Reputation: 13

How to remove nested for loop?

I have the following nested loop:

sum_tot = 0.0

for i in range(len(N)-1):
    for j in range(len(N)-1):
        sum_tot = sum_tot + N[i]**2*N[j]**2*W[i]*W[j]*x_i[j][-1] / (N[j]**2 - x0**2) *(z_i[i][j] - z_j[i][j])*x_j[i][-1] / (N[i]**2 - x0**2)

It's basically a mathematical function that has a double summation. Each sum goes up to the length of N. I've been trying to figure out if there was a way to write this without using a nested for-loop in order to reduce computational time. I tried using list comprehension, but the computational time is similar if not the same. Is there a way to write this expression as matrices to avoid the loops?

Upvotes: 1

Answers (3)

Akshay Sehgal

Reputation: 19322

@Kraigolas makes valid points. But let's try a few benchmarks on a dummy, double nested operation, either way. (Hint: Numba might help you speed things up)

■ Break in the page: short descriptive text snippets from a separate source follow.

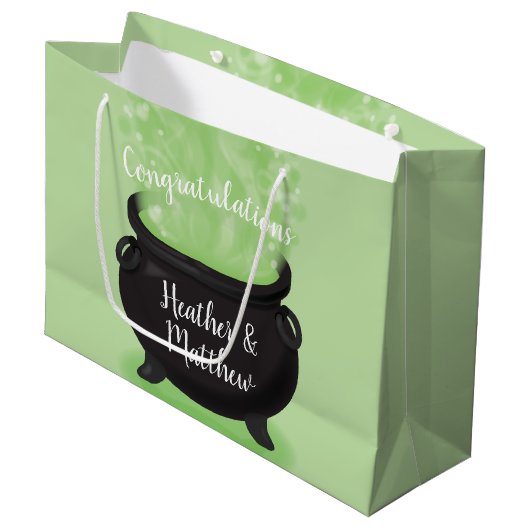 Baby is Brewing Witch Shower Halloween Cauldron Groot Cadeauzakje (Voorkant Gekanteld)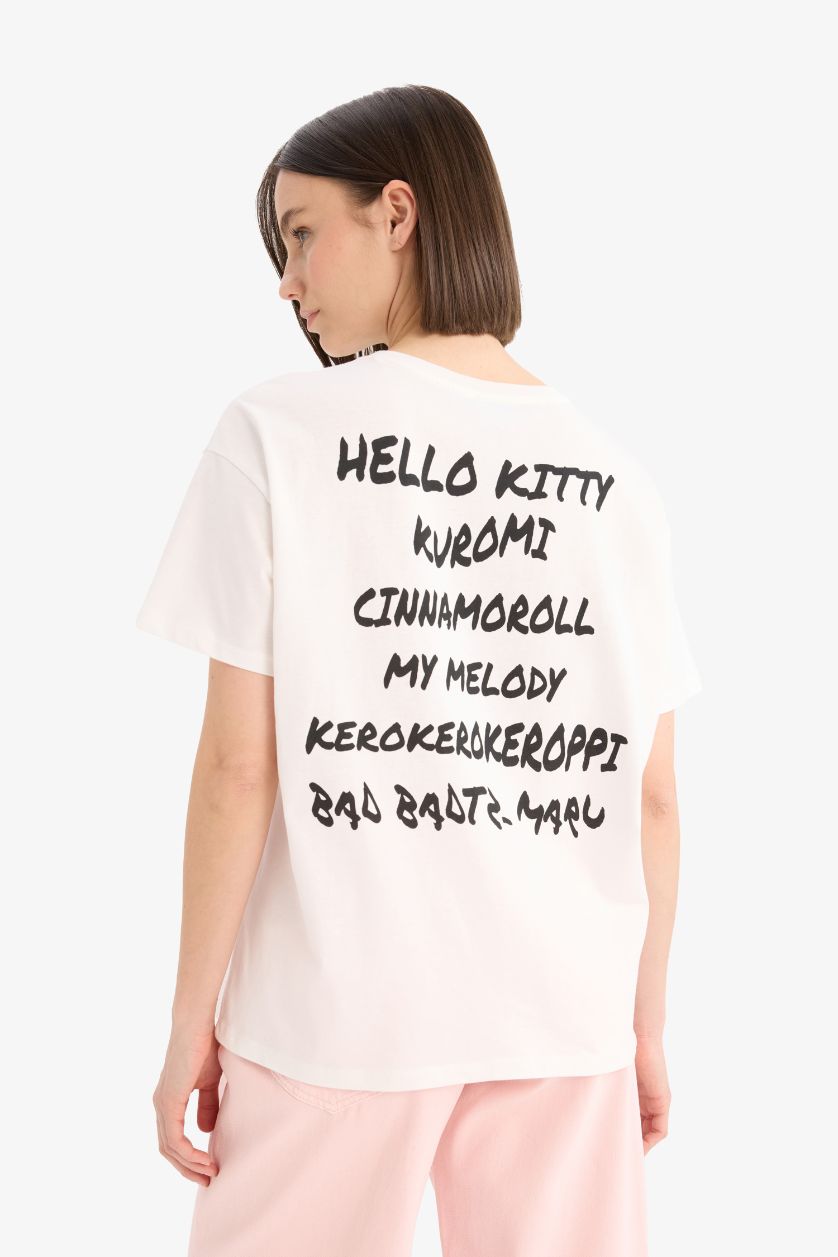 Kadın Kırık Beyaz Hello Kitty Oversize Geniş Kalıp Sırt Baskılı Kısa Kollu Tişört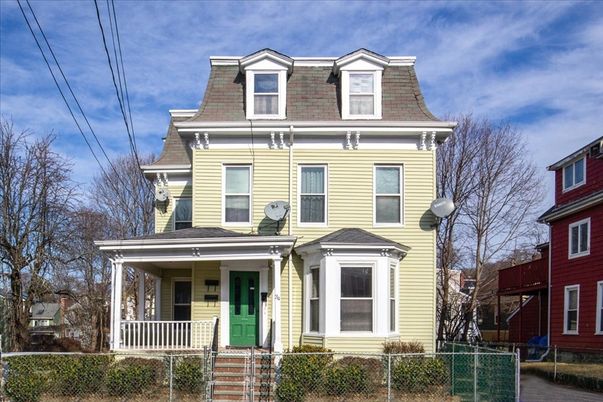 Exterior, Facade, Queen Anne Victorian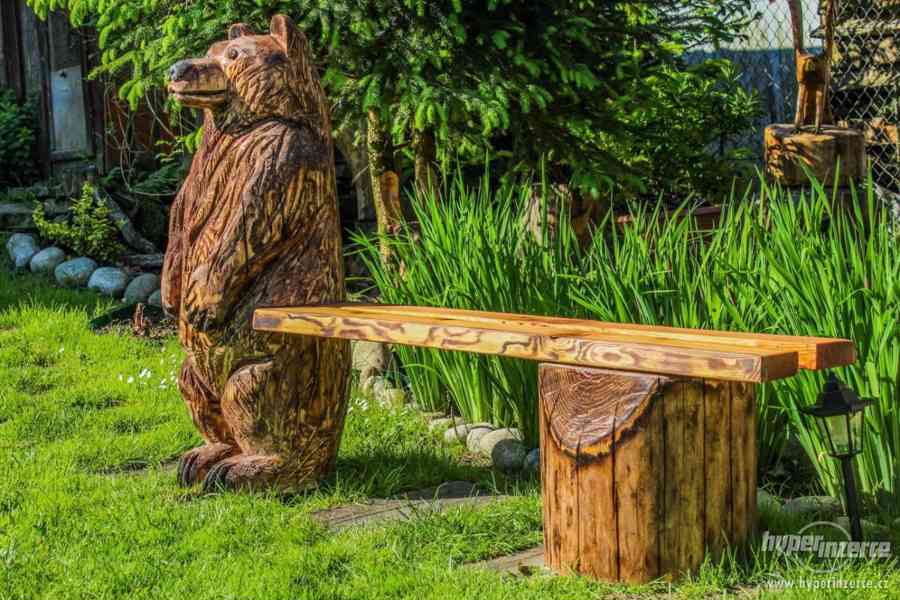 Záhradní Nábytek - Medvěd s levicí - foto 4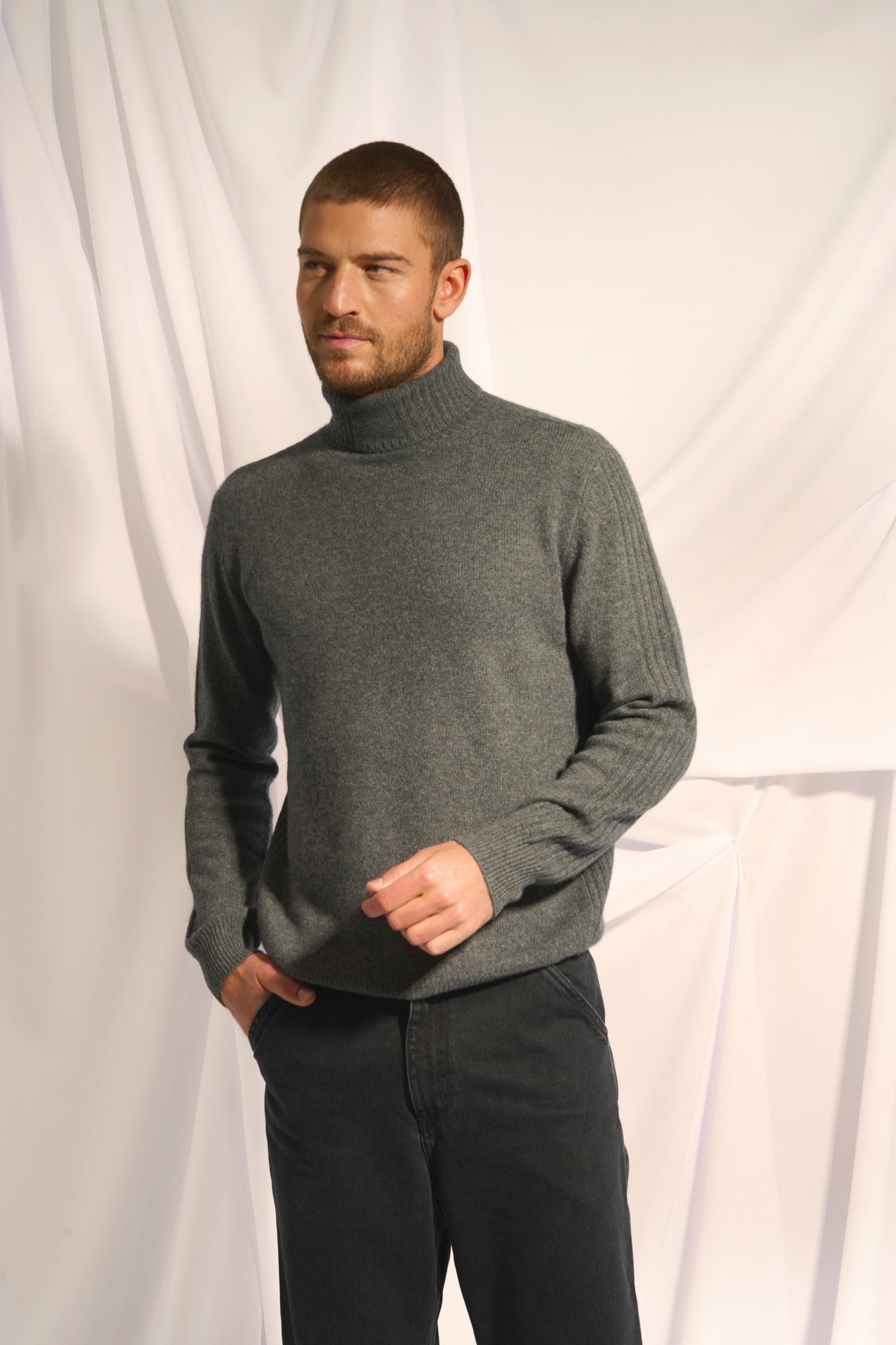 NOI pull col roulé anthracite chiné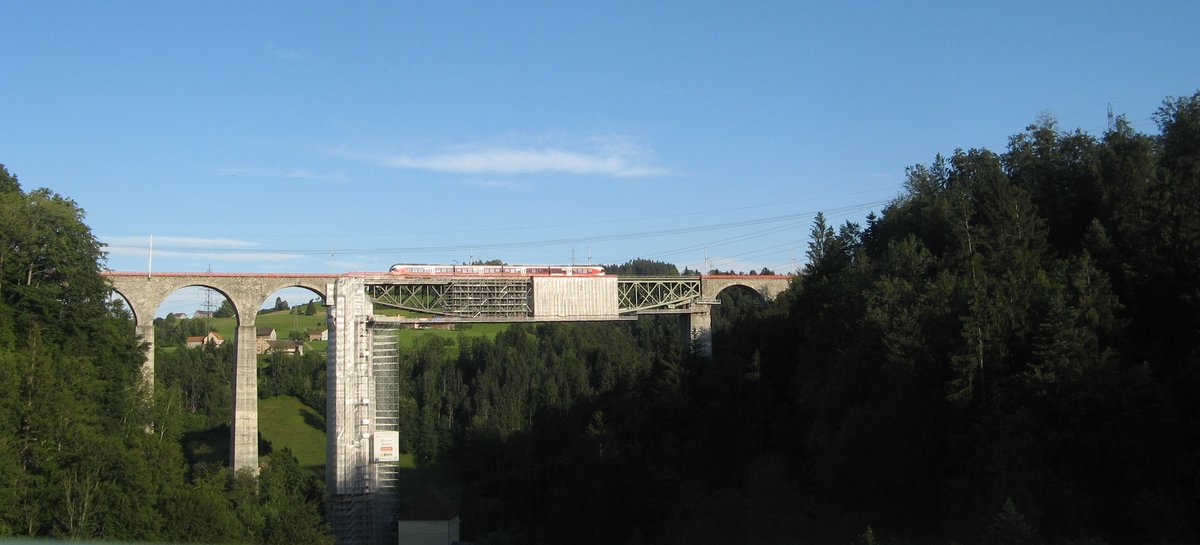 Ein Brückenbild der besonderen Art: Wir stehen auf der SBB Brücke über die Sitter und  konnten den Triebzug der SOB ablichten, der über die BT / SOB Sittertobelbrücke Richtung Herisau fährt. Der Triebzug ist ein SOB RABe 526 0xx.

Foto: Luka Streck

St. Gallen Sittertobel, 04.07.2020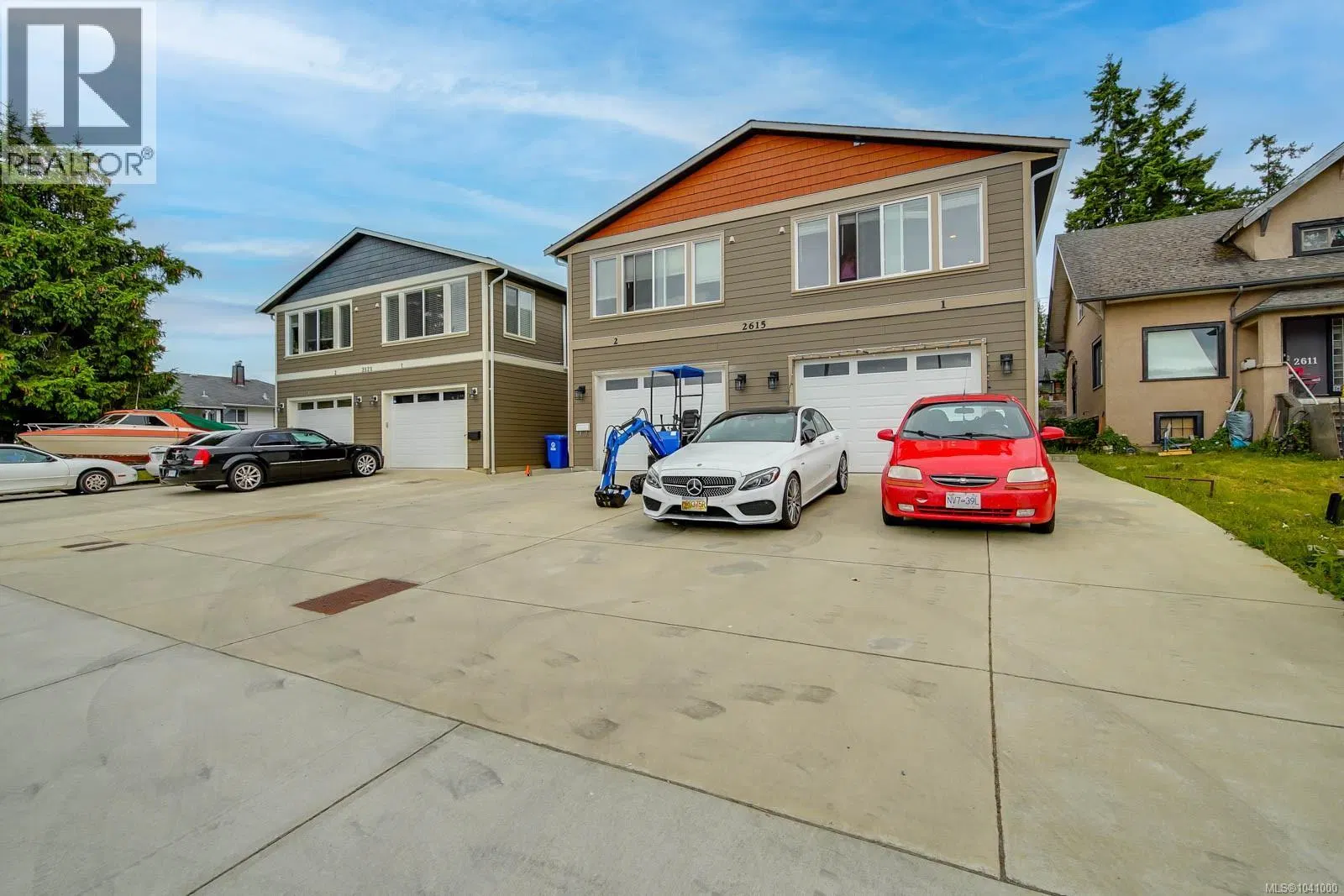Photo 1 of 25 at 2615 5th Avenue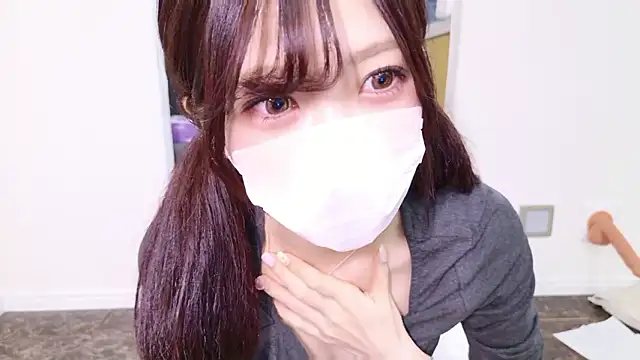 Snapshot of oxo_yuna_oxo chatting on May 11, 1:12 pm oxo yuna oxo online show from May 11, 1:12 pm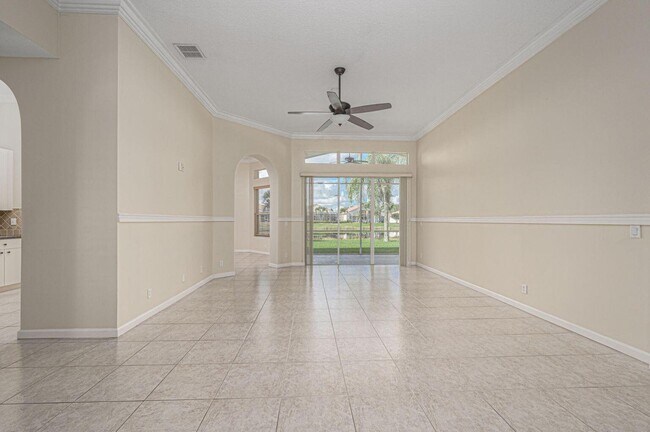 Foto del edificio - 137 NW Magnolia Lakes Blvd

Note, I would avoid numpy arrays specifically because all of the cross-product between the range is going to be in memory at once. If this is a massive range, you may run out of memory.

Nested for loops

n = 5000
s1 = 0

for i in range(n):
    for j in range(n):
        s1 += (i/2) + (j/3)
        
print(s1)

#2.26 s ± 101 ms per loop (mean ± std. dev. of 7 runs, 1 loop each)

List comprehension

n = 5000
s2 = 0

s2 = sum([i/2+j/3 for i in range(n) for j in range(n)])
print(s2)

#3.2 s ± 307 ms per loop (mean ± std. dev. of 7 runs, 1 loop each)

Itertools product

from itertools import product

n = 5000
s3 = 0

for i,j in product(range(n),repeat=2):
    s3 += (i/2) + (j/3)
print(s3)

#2.35 s ± 186 ms per loop (mean ± std. dev. of 7 runs, 1 loop each)

Note: When using Numba, you would want to run the code at least once before, because the first time it compiles the code and therefore the speed is slow. The real speedup comes second run onwards.

Numba njit (SIMD)

from numba import njit

n=5000

@njit
def f(n):
    s = 0
    for i in range(n):
        for j in range(n):
            s += (i/2) + (j/3)
    return s

s4 = f(n)

#29.4 ms ± 1.85 ms per loop (mean ± std. dev. of 7 runs, 10 loops each)

Numba njit parallel with prange

An excellent suggestion by @Tim, added to benchmarks

@njit(parallel=True)
def f(n):
    s = 0
    for i in prange(n):
        for j in prange(n):
            s += (i/2) + (j/3)
    return s

s5 = f(n)

#21.8 ms ± 4.81 ms per loop (mean ± std. dev. of 7 runs, 1 loop each)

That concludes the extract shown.